* EXERCISE OBJECTIVE
Starting at the line with "мескалин Бугуруслан" and going on through the line with "5.数字积木中文版第5季 全15集", reproduce each line in the records below exactly and nothing more.

* SUPPLIED ENTRIES
++++++
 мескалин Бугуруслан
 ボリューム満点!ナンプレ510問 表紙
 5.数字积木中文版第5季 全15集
++++++
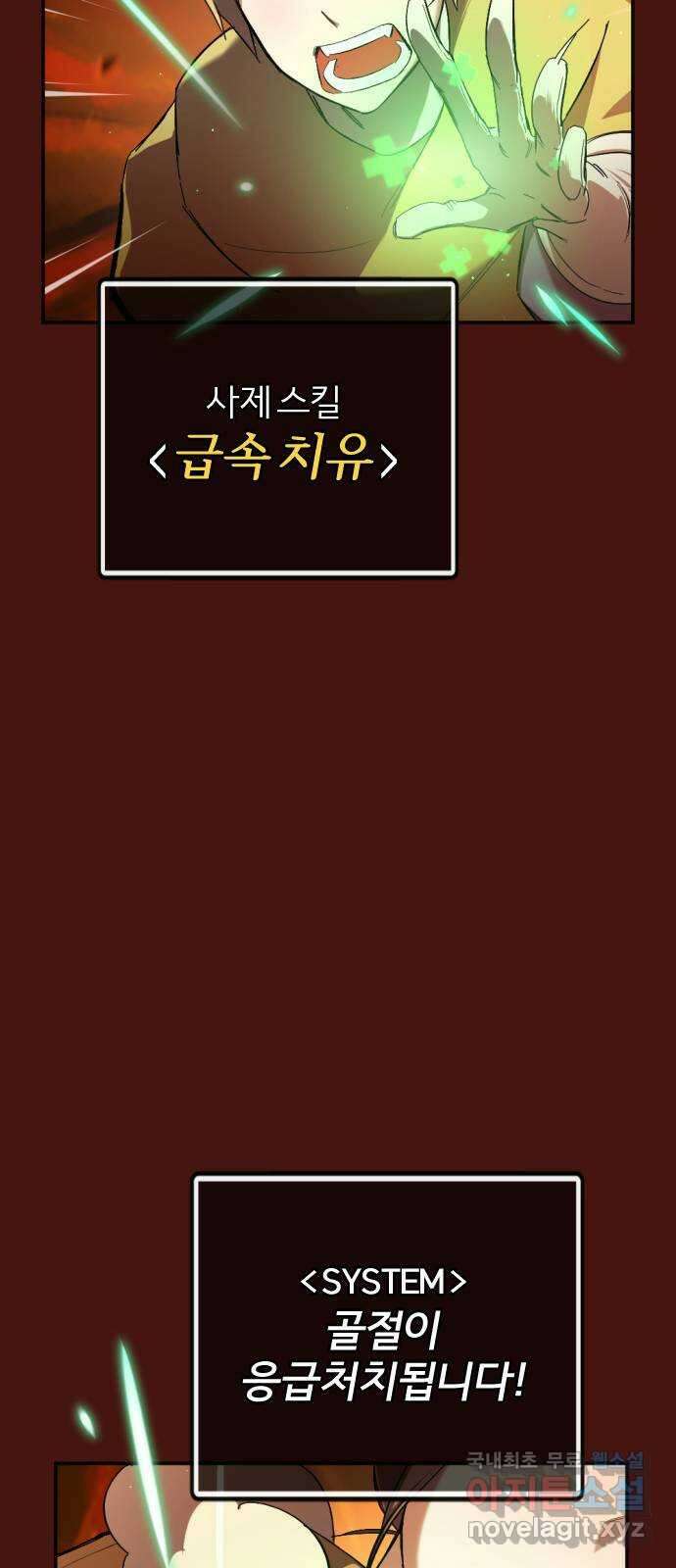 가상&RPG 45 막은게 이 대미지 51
++++++
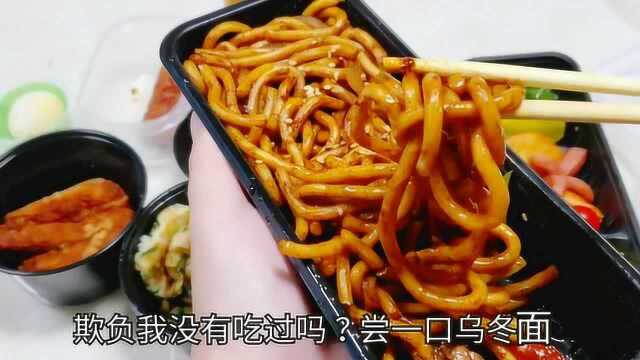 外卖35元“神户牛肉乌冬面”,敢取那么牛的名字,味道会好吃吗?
++++++
* ANSWER SECTION
 мескалин Бугуруслан
 ボリューム満点!ナンプレ510問 表紙
 5.数字积木中文版第5季 全15集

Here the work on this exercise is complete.